I hand sewed this little 3D house and flat trees from wool scraps I bought from someone who makes items from thrifted and felted sweaters. I thought the little house came out kind of cute, surprisingly, and I wanted to make more. I don't seem to have a lot of motivation right now.



Anyone else have crafting and hobby dry spells?


----------



## twinkles (Oct 27, 2022)

i havent been in the mood to crochet or knit---i have a room to get straightand i am not in the mood to do that


----------



## NorthernLight (Oct 27, 2022)

I'm not a crafter, but there are other things I like to do. Yes, I find I can do less and less from year to year.

Things that made my life more interesting (language practice, hosting a game, and exercising) are starting to feel burdensome, just within the past few months.


----------



## Lavinia (Oct 27, 2022)

I have several 'UFO's' (unfinished objects) on the go. If you lose interest, it's best to put something aside and wait until the urge to create returns.  I've just finished a latch-hook cushion and now I'm doing cross-stitch but I have at least 4 sewing projects waiting  to be finished. The trouble is, I don't like using a sewing machine. I prefer to sit on my sofa and sew by hand with music playing. Applique and patchwork mean using the machine, so tend to get neglected.


----------



## Owlivia (Oct 28, 2022)

@Remy   Your little objects are sweet.  They remind me of themed ornaments for a Christmas Tree.  What are you going to do with them?

As far as putting off making things, oh, yes.  I have lots of supplies and ideas and some started and others just annoying me by being in boxes and containers.  

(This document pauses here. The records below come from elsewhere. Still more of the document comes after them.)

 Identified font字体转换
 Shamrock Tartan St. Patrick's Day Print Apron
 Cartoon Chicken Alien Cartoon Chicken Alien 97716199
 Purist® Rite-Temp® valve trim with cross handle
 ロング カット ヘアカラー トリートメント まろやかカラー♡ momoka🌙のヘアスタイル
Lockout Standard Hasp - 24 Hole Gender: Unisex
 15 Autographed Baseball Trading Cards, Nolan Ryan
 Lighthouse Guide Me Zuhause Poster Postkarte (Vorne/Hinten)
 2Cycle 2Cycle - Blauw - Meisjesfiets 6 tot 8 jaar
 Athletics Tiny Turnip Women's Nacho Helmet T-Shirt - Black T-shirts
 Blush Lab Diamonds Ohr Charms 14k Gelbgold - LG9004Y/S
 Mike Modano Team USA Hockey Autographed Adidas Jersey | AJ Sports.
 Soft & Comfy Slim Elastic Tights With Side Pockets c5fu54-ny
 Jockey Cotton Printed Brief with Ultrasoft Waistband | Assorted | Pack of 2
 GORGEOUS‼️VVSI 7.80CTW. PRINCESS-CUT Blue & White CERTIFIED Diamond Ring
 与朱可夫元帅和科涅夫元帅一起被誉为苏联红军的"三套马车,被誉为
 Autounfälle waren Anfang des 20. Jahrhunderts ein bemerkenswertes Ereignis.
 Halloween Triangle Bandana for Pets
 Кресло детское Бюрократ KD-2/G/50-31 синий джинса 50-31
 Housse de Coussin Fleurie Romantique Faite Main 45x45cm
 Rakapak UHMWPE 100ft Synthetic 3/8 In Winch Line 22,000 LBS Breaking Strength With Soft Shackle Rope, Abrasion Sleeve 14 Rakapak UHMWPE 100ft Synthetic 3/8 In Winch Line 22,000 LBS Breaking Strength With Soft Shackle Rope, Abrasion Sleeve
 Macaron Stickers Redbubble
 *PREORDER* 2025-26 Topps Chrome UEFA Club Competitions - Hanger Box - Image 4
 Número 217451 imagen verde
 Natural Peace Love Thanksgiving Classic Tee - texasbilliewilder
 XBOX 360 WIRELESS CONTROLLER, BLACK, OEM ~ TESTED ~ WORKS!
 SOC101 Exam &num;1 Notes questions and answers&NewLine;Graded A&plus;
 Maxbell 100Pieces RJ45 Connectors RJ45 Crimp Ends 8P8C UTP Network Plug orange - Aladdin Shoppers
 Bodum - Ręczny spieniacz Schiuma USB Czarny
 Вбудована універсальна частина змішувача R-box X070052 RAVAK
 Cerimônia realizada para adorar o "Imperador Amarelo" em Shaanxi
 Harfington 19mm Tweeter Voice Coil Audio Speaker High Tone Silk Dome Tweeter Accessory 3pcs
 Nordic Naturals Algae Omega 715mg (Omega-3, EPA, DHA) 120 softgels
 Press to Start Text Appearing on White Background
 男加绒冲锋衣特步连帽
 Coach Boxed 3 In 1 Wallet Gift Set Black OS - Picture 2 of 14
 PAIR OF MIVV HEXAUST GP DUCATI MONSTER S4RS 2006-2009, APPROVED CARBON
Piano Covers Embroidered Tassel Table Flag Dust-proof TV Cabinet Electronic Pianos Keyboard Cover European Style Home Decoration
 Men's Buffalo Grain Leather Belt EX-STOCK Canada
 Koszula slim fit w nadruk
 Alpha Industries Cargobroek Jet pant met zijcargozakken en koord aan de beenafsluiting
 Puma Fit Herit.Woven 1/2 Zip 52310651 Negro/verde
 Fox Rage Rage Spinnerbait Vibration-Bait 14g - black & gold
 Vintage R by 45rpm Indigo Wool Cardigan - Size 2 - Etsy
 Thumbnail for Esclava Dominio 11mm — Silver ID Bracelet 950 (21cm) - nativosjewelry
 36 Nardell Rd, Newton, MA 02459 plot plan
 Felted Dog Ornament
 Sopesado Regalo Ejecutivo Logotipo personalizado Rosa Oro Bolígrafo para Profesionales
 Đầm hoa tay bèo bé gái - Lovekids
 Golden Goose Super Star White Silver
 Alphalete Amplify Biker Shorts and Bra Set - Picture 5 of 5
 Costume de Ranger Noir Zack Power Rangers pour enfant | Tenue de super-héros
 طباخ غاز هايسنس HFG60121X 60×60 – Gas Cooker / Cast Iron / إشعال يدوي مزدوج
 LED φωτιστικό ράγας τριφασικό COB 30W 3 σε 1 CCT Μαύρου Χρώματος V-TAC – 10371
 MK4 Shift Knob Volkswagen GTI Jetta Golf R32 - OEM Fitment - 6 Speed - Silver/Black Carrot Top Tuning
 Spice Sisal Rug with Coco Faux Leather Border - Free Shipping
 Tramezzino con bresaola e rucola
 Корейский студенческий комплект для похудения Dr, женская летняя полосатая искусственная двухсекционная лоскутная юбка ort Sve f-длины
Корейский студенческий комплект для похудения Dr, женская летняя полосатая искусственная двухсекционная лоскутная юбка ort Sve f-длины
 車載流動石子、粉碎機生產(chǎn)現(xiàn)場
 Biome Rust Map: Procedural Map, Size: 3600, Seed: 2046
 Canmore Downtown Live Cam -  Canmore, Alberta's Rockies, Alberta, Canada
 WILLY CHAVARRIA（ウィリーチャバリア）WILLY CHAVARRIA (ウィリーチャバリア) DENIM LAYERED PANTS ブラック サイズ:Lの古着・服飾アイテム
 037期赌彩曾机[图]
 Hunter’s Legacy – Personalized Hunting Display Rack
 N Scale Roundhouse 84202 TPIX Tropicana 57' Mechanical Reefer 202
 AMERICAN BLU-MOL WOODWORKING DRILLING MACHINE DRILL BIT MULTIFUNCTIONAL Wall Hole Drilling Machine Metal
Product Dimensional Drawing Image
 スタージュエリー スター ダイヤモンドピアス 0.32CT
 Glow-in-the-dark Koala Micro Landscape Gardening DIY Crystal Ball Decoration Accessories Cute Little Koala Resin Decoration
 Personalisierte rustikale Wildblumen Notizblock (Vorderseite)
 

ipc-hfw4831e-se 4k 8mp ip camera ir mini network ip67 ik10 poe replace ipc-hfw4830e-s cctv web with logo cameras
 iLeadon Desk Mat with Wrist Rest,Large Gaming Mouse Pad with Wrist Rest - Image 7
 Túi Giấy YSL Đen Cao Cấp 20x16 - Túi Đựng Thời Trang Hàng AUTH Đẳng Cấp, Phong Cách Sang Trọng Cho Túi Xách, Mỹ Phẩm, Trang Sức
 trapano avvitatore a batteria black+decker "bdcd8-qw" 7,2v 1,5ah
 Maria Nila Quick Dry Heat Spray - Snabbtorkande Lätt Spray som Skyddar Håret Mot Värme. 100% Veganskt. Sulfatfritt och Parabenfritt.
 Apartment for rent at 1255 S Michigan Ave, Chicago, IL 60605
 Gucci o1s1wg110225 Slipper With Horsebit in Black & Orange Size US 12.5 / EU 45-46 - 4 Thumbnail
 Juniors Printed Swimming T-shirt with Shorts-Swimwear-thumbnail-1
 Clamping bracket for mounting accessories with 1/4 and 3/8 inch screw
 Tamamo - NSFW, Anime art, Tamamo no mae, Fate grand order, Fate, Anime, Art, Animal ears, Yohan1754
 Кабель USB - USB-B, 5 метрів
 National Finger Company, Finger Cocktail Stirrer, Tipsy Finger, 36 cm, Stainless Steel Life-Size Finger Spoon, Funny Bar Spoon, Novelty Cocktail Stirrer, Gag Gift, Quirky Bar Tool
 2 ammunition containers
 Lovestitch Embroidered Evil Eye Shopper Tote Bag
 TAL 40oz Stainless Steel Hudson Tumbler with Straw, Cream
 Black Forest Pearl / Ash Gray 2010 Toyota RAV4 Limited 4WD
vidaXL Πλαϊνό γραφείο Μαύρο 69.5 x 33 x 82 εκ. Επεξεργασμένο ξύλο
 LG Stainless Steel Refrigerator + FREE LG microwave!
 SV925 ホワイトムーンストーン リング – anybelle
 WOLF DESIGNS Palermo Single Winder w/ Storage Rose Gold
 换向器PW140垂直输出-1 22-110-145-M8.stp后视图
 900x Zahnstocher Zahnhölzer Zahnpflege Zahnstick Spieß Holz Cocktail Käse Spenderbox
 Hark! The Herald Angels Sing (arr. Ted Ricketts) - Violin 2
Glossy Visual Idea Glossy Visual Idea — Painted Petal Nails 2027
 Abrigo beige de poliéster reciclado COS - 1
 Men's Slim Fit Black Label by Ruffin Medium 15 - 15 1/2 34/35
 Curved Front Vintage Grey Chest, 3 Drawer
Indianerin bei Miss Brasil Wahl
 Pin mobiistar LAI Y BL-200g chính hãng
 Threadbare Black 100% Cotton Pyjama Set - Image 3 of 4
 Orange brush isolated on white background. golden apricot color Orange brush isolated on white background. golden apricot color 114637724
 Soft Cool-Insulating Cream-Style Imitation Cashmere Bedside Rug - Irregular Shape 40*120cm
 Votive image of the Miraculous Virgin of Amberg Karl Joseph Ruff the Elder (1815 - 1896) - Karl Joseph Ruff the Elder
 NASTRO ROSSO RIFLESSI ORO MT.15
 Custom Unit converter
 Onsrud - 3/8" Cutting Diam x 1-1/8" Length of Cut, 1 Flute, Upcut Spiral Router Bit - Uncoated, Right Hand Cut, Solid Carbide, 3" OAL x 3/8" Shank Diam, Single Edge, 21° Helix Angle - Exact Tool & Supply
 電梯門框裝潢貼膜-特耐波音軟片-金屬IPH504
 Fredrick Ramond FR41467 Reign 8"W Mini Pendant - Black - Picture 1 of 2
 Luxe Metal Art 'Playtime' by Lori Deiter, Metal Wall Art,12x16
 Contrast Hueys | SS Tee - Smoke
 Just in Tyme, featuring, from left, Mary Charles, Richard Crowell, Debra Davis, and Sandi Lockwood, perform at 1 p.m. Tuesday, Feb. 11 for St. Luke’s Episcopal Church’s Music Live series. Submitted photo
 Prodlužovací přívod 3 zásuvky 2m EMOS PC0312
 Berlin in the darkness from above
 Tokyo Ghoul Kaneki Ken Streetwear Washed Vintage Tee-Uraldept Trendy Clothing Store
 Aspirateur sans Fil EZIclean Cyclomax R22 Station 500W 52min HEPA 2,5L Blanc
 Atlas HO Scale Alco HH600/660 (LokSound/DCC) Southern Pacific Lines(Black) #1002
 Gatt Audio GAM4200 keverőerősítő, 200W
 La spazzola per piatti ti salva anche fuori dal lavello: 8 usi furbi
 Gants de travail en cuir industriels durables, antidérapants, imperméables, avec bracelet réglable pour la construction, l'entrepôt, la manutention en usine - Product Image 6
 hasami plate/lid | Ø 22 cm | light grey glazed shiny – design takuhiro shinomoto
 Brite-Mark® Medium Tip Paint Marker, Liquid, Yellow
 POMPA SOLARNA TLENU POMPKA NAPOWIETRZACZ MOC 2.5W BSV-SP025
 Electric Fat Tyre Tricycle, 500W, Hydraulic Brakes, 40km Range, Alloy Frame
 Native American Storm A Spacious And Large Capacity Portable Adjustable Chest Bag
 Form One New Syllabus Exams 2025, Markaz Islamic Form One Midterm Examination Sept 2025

I've got all legitimate reasons for procrastination, but it doesn't make it any better.


----------



## officerripley (Oct 28, 2022)

Remy said:


> Anyone else have crafting and hobby dry spells?


Yeah, mine started the day I was born.


----------



## MountainRa (Oct 28, 2022)

Remy said:


> I hand sewed this little 3D house and flat trees from wool scraps I bought from someone who makes items from thrifted and felted sweaters. I thought the little house came out kind of cute,


I like the little house!
I, too, have lost interest in crafting. I passed on all my jewelry making tools and supplies to my daughter in law. She sends me photos of pieces she makes. I enjoy seeing them.


----------



## PamfromTx (Oct 28, 2022)

I have not crafted like I once did.


----------



## Pinky (Oct 28, 2022)

I get in the crafting mood in winter .. when I spend more time indoors. Must admit that after decades of
crafting, I'm more or less "crafted out". I do, however, enjoy seeing what others are crafting.


----------